I returned to Sousse this afternoon: I needed to escape the little town where I’d been staying, and I wanted to do some further exploring as well. I had read about some catacombs just outside the Medina, and I was terribly proud of myself after eventually finding them on-foot. This is no trifling matter, and in itself worthy of a pause: most towns I’ve visited in Tunisia do not have street signs, and those that do are usually written exclusively in Arabic. Armed only with my poorly-detailed Lonely-Planet outline I blundered about the town for a good twenty minutes before finally arriving at a white stuccoed building with a sign reading “Catacombs” above it. I was fiercely enamored of my accomplishment, as if I’d successfully arrived at the completion of an arcane labyrinth. My pride was not to last long, for it was only moments until I once again ran myself into the wall that has blocked my travels at nearly every turn here: Though the sign’s hours stated that the catacombs were open, they were in fact closed. I wandered around the building, hot and sweating, to find no one. I asked someone passing on the street if they knew if the catacombs were open, and they assured me they were not.

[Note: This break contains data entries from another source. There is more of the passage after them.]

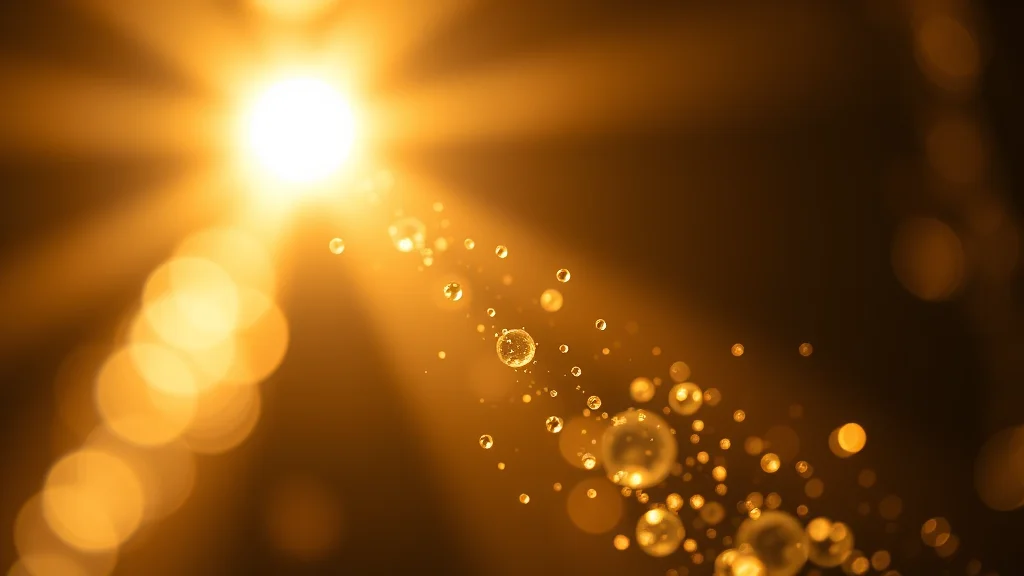 A finite trickle of luminous droplets against a held reserve of light, abstract credits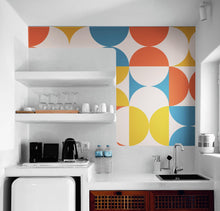 Carregar imagem no visualizador da galeria, Retro Circle Geometric Wallpaper Peel and Stick Mural. Groovy Shape Patterns Mid Century Modern Retro Design. #6578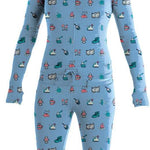 Airblaster Women's Classic Ninja Suit 2024 - Light blue onesie with ninja-themed graphics, including a cartoon ninja head and various weapons.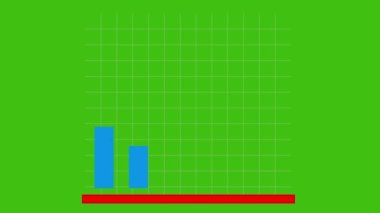 Animation of a statistical bar graph with a black arrow, with variations of ups and downs, on a green chroma key background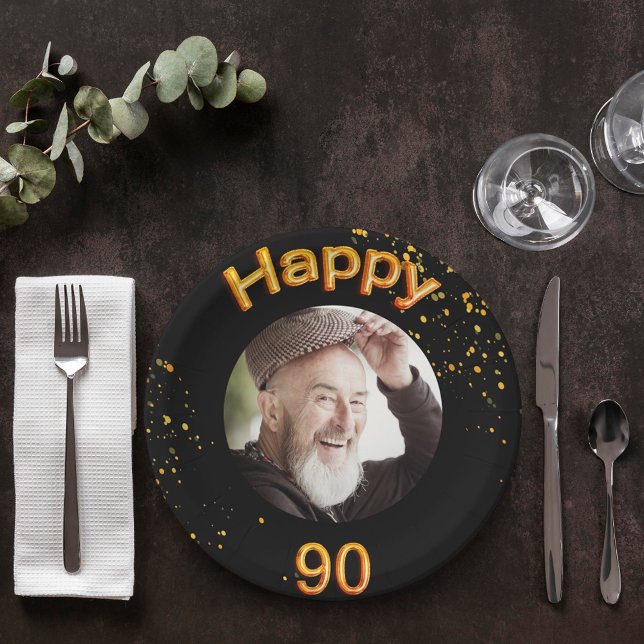 90th birthday party photo gold balloons black paper plate (Creator Uploaded)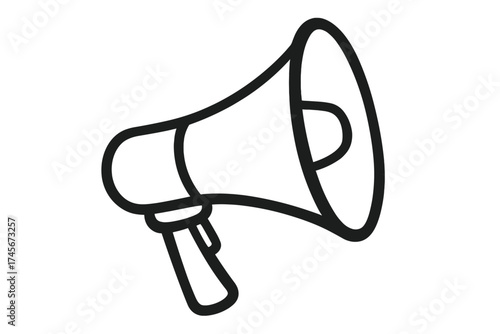 Megaphone line icon vector for announcement, protest, and communication. Loudspeaker or bullhorn symbol for marketing, advertising, and alerts. Loud voice concept illustration.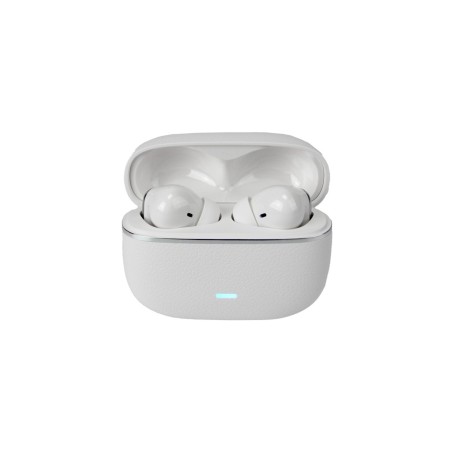 Premium P18 Leather Case EarBuds - White by Polaris: Luxurious Sound & Style with Active Noise Cancellation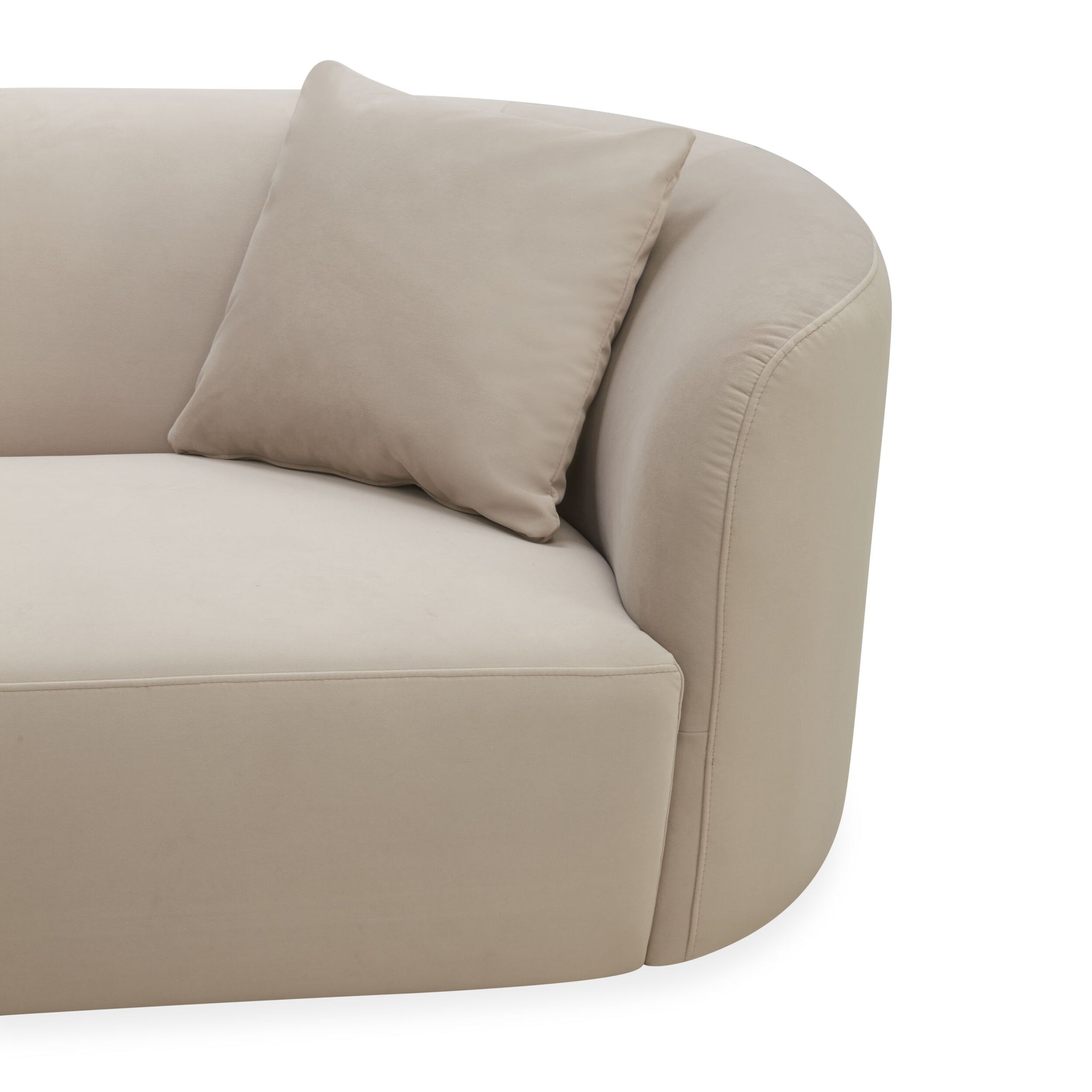 Wylder 4 Seater Curved Sofa Velvet Taupe
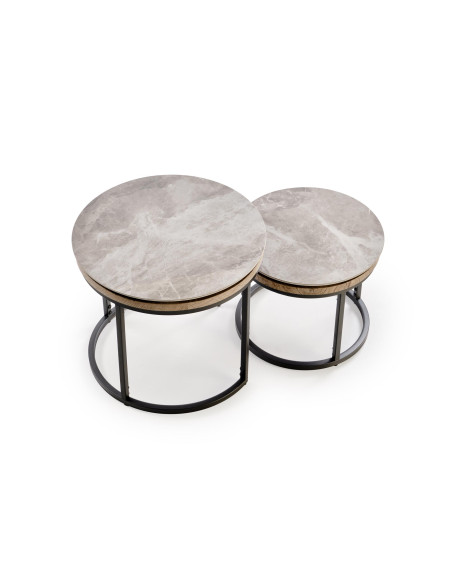 ITAKA zestaw 2 ław, popielaty marmur / grafitowy (1p 1szt)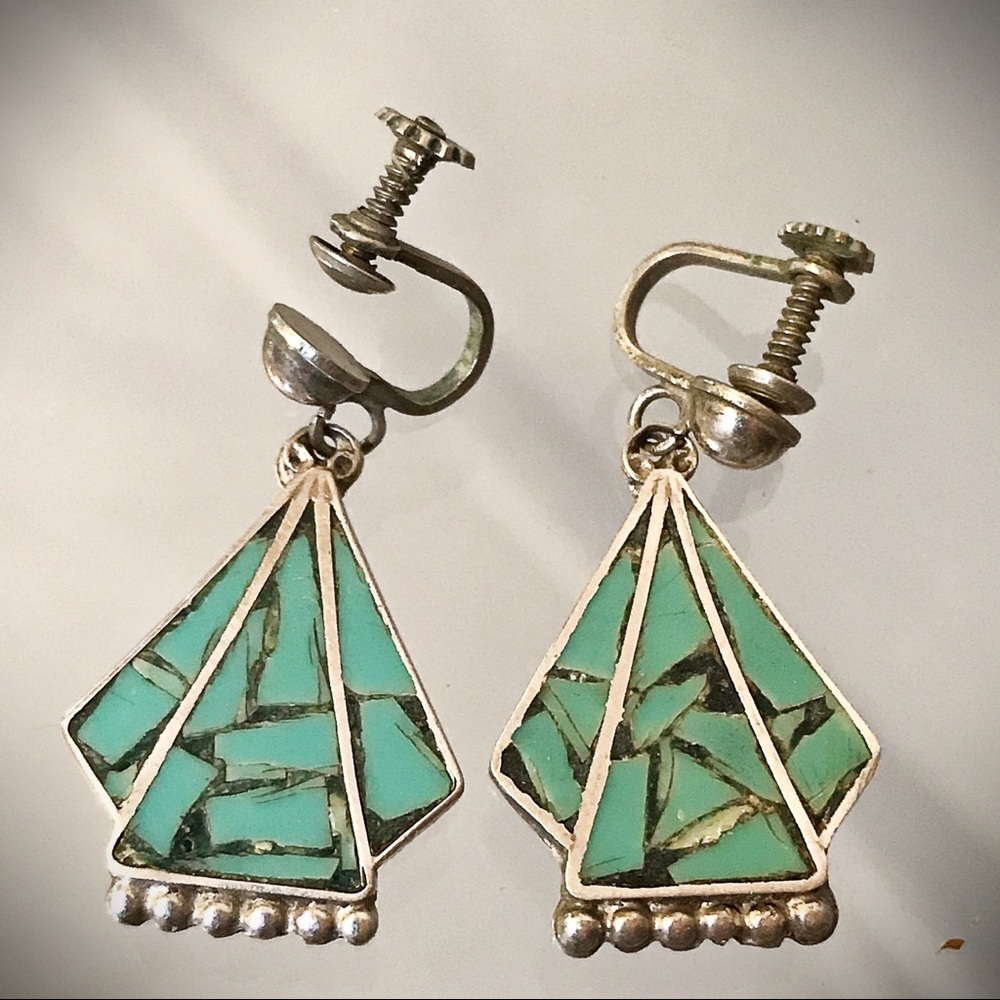 Vintage Mexican Silver and Turquoise Earri…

Frustrated but not to be defeated, I again demonstrated my superior navigation abilities and returned to the Medina, where I found my way to the Ribat, a fortress-like structure built in AD 821, and as such the oldest surviving artifact in town. For today’s etymology lesson, Ribat is the from the Arabic Rabata, which means “to be garrisoned”; those who lived within the walls of the Ribat were called Morabitoun, a term upon which the French would build their word Marabout, which we have shifted directly into English and which refers simultaneously to a Muslim holy man, frequently found in North Africa, as well as the building in which such a holy man lives.

I slunk around the Ribat for a while, which, despite the ceaseless and high-volumed gabbing of a troupe of German tourists, was extremely pleasant. The Ribat is a square structure, two stories tall with a tower rising up on the south-east corner. The interior walls are lined with a series of arches that serve as a rail of sorts, and appear to the eye as the undulating length of a sea monster. The hot, bright desert light fell at an angle that brought from the building a warm, honey-gold hue. The shadows on the lower level support arches seeped black and provided a cool relief from the heat.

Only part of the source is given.